ALC is a Coeur d'Alene Based Law Firm, Handling Probate, Family Law, Bankruptcy, Personal Injury and Civil Litigation Matters

What Happens In Mediation?

What Happens In Mediation?

Mediation can be a way to make decisions about your children without going to court. You and the other parent can make your own agreement for how you will take care of your children. The legal word for this agreement is “stipulation.” It is also called a “parenting plan” or a “parenting agreement.”

Who are the mediators?

A mediator:

  • Has a master’s degree in counseling, social work, or a related field;
  • Also has at least 2 years of experience working in mental health;
  • Knows how the family court system works; and
  • May also have information about community services that might be helpful to you.

What do mediators do?

Although mediators are experienced in counseling, mediation is not counseling. A mediator meets with both parents and helps them try to agree on a plan that is best for their child.

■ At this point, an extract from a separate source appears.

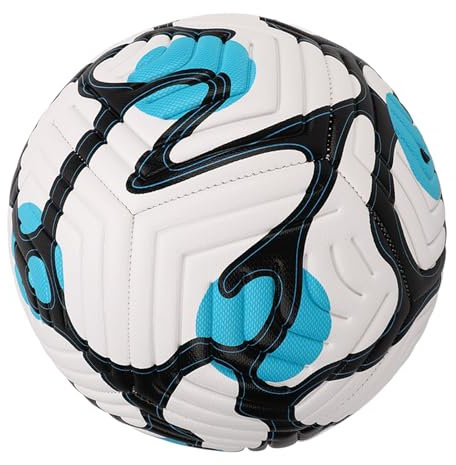 Intoipush World Cup Size 5 Football - Indentation Adult Training Soccer Balls Beginner Practice Balls Standard Soccer Balls For Game Practice Match Training (Blue)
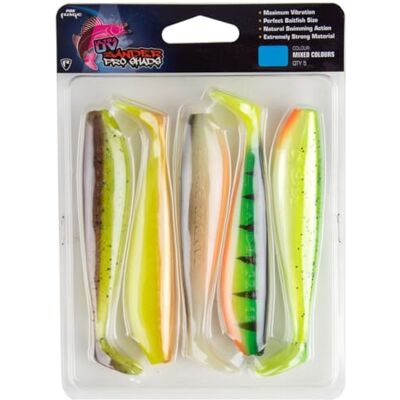 Fox Rage Zander Pro Shad Lot de 5 poissons en caoutchouc 1 cm x 5 couleurs mélangées UV - Publicité Fox Rage Zander Pro Shad Lot de 5 poissons en caoutchouc 1 cm x 5 couleurs mélangées UV - Publicité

The mediator ‘s job is to:

  • Listen to both of you.
  • Be neutral.
  • Help you look at different options.
  • Help you decide when the child will be with each parent.
  • Help you decide how future decisions about your child will be made.
  • Help you consider how best to protect your child’s safety and welfare.
  • Support you.
  • Make recommendations to the judge.

In some counties, if you and the other parent can’t agree on a parenting plan through mediation , the mediator is asked to give the court a written recommendation. It will contain the mediator’s opinion about what parenting arrangement will be in your child’s best interest.

Guidelines for mediation:

  1. Treat each other with respect. You will both get a chance to explain your ideas.
  2. Listen to each other and try to find real solutions.
  3. Put the children first. Think about what they need and can handle.